Nos preguntó si ya nos habíamos tranquilizado lo suficiente para que pudiera quitarnos las manillas y McMurphy asintió. Se había hundido en la silla con la cabeza gacha y los codos entre las rodillas y se le veía completamente exhausto; no se me había ocurrido pensar que a él le costaba tanto trabajo mantenerse erguido como a mí.
La enfermera -no más grande que el extremo más delgado de la nada afilado en una punta muy fina, según comentaría después McMurphy- nos desató las manillas y a McMurphy le dio un cigarrillo y a mí un chicle. Dijo que recordaba que me gustaba el chicle. Yo no la recordaba en absoluto. McMurphy empezó a fumar mientras ella hundía la mano llena de sonrosadas velitas de cumpleaños en un frasco de ungüento e iba curando sus heridas, estremeciéndose cada vez que él se estremecía y pidiéndole excusas. Le cogió una mano entre las suyas, la volvió y le untó los nudillos.
– ¿Quién fue? -preguntó, mientras observaba los nudillos-. ¿Washington o Warren?
McMurphy levantó los ojos para mirarla.
– Washington -respondió con una sonrisa-. El Jefe, aquí, se ocupó de Warren.
Ella dejó la mano y se volvió hacia mí. Pude ver los diminutos huesecillos de pájaro de su rostro.
– ¿Te duele algo?
Moví la cabeza.
– ¿Y qué fue de Warren y Williams?
McMurphy le dijo que seguramente lucirían algo de yeso la próxima vez que los viera. Ella asintió y bajó la vista.

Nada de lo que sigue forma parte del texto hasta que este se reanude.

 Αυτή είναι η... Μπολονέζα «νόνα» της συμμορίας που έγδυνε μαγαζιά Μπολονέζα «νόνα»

– No todo es igual que la galería de ella -dijo-. Muchas cosas se parecen, pero no todo. Enfermeras militares que intentan dirigir un hospital militar. Ellas mismas están un poco enfermas. A veces pienso que todas las enfermeras solteras deberían ser despedidas al cumplir los treinta y cinco.
– Al menos todas las enfermeras militares solteras -añadió McMurphy. Preguntó durante cuánto tiempo podríamos gozar del placer de su hospitalidad.
– Me temo que no mucho.
– ¿Teme que no mucho? -le preguntó McMurphy.
– Sí. A veces preferiría retener a los hombres aquí en vez de devolverlos, pero ella tiene prioridad. No, lo más probable es que no estén mucho… quiero decir… como están ahora.
En la galería de Perturbados todas las camas desafinan, están demasiado tensas o demasiado flojas. Nos dieron camas vecinas. No me ataron una sábana de través, aunque me dejaron una mortecina lucecita encendida junto a la cama. A media noche alguien gritó: «¡Indio, estoy empezando a dar vueltas! ¡Mírame, mírame!» Abrí los ojos y vi dos hileras de largos dientes amarillos que relucían muy cerca de mis ojos. Era el tipo de aspecto hambriento. «¡Estoy empezando a dar vueltas! ¡Mírame, por favor!»